What is the deadline for DVS shareholders to elect exchangeable shares in the Contango merger?

The Election Deadline is 5:00pm Eastern Time on March 24, 2026. According to the company, submissions must reach the depositary by that time to avoid default treatment.

What happens if a DVS shareholder fails to submit the Election Form by March 24, 2026?

If no properly completed form is deposited by the deadline, the shareholder will by default receive Contango voting common shares. According to the company, failure to comply leads to the default exchange outcome.

When will the DVS and Contango merger closing likely occur after the court hearing?

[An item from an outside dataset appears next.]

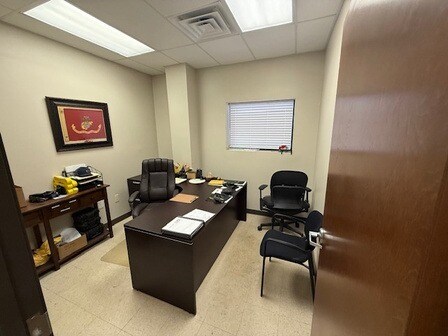 More Photos Of 4792 CR 430, Pleasanton Warehouse For Lease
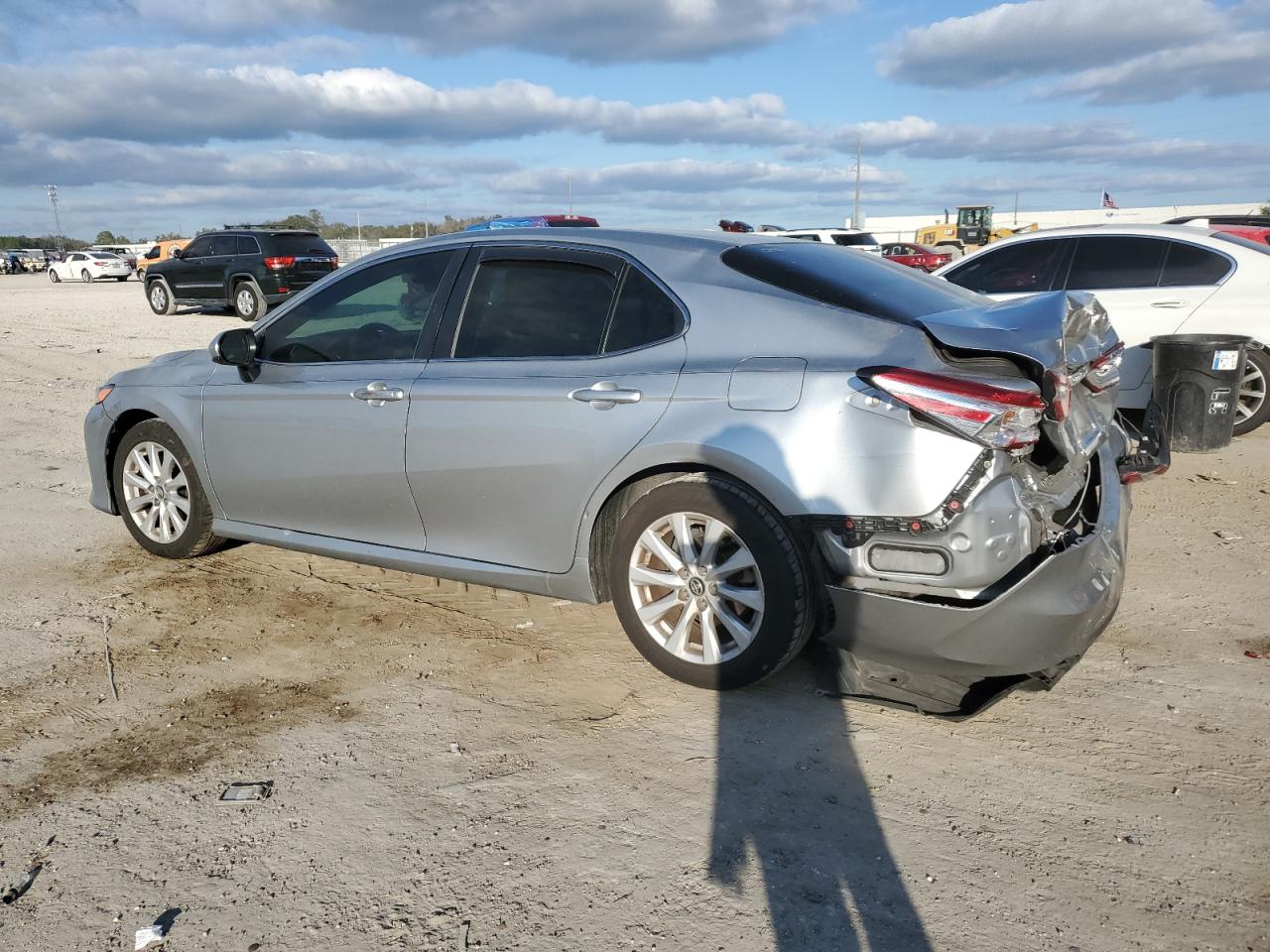 2018 Toyota Camry VIN 4T1B11HK3JU091076 Copart auction photo, rear end damage thumbnail 2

The British Columbia Supreme Court hearing is set for March 23, 2026, and closing is expected to follow shortly thereafter. According to the company, the Arrangement remains subject to court approval and customary conditions.

Can DVS shareholders submit election documents by email if they hold physical share certificates?

No, email submission is not available for registered shareholders holding physical share certificates. According to the company, holders with certificates must use alternative delivery methods specified by the depositary.

Where can DVS shareholders find a copy of the Letter of Transmittal and Election Form?

A copy of the Letter of Transmittal and Election Form is available under the company's profile on SEDAR+ and in the Special Meeting area of the company's website. According to the company, mailed forms were also sent to eligible holders.